There is a specific word for the melancholy of Istanbul. The city is suffering a mighty bout of something like hüzün at the moment. 

Even at the worst of times Istanbul is a beautiful city, and the Bosphorus is a remarkable stretch of sea. Turks get very irritated if you call it a river. They are right. The Bosphorus has a life and energy that a river could never equal. Spend five minutes watching the Bosphorus and you can understand why Orhan Pamuk, Turkey’s Nobel laureate for literature, became fixated by it as he grew up, tracking the movements of the ocean-going vessels, the warships and the freighters as they steamed between Asia and Europe.

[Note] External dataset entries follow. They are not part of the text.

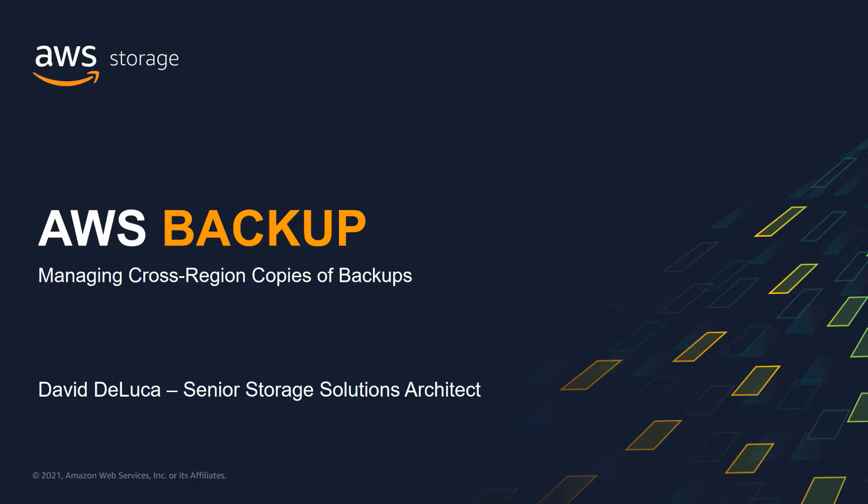My name is David DeLuca. I'm a Senior Storage Solutions Architect at Amazon Web Services. In this video, I will demonstrate using AWS Backup to manage cross-region copies of your backups. Let's get started.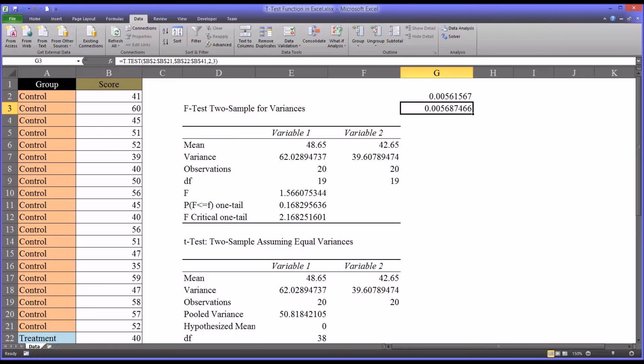I hope you found this video on using the t-test function in Microsoft Excel to be helpful. As always, if you have any questions or concerns, feel free to contact me and I'll be happy to assist you.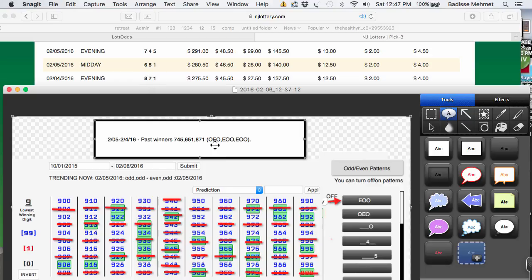And it came out with odd, even, odd, and then even, odd, odd, even, odd, odd. So I reduced the numbers on Chart 9 by that.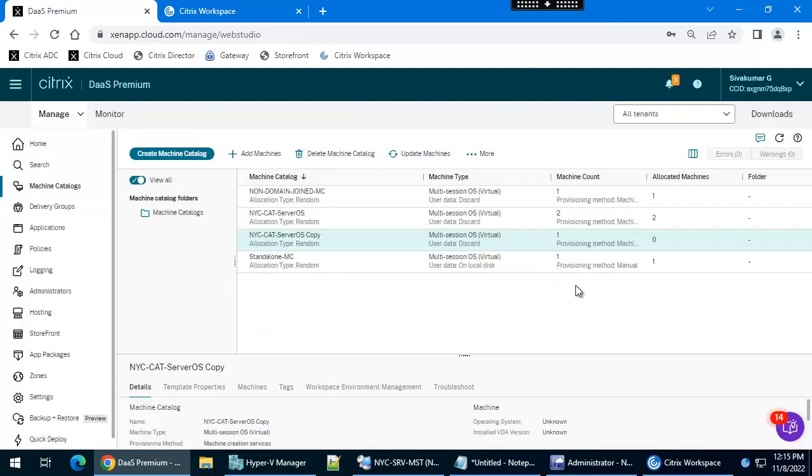We have created the machine catalog from the cloning concept. Thank you.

I went to an Ottoman palace on the Asian side of the Bosphorus, waiting to interview the former prime minister Ahmet Davu­toglu. He was pushed out of office two months ago by President Recep Tayyip Erdogan when he appeared to be too wedded to the clauses in the Turkish constitution which say that the prime minister is the head of government and the president is a ceremonial head of state. Erdogan was happy with that when he was prime minister. But now he’s president, he wants to change the constitution. If Erdogan can win the vote in parliament he will, in effect, be rubber-stamping the reality he has created since he became president. In the days since the attempted coup, no one has had any doubt about who is the power in the land.

 

City of melancholy

The view from the Ottoman palace was magnificent. Beneath a luscious, pine-shaded garden an oil tanker plied its way towards the Black Sea. Small ferries dodged across the sea lanes. It was not, I hasten to add, Davutoglu’s private residence. It had just been borrowed, for the backdrop. But it reminded a Turkish friend of something she had heard once from the AKP, Erdogan’s ruling party: that they would not rest until they were living in the apartments with balconies and gardens overlooking the Bosphorus that had always been the preserve of the secular elite they wanted to replace.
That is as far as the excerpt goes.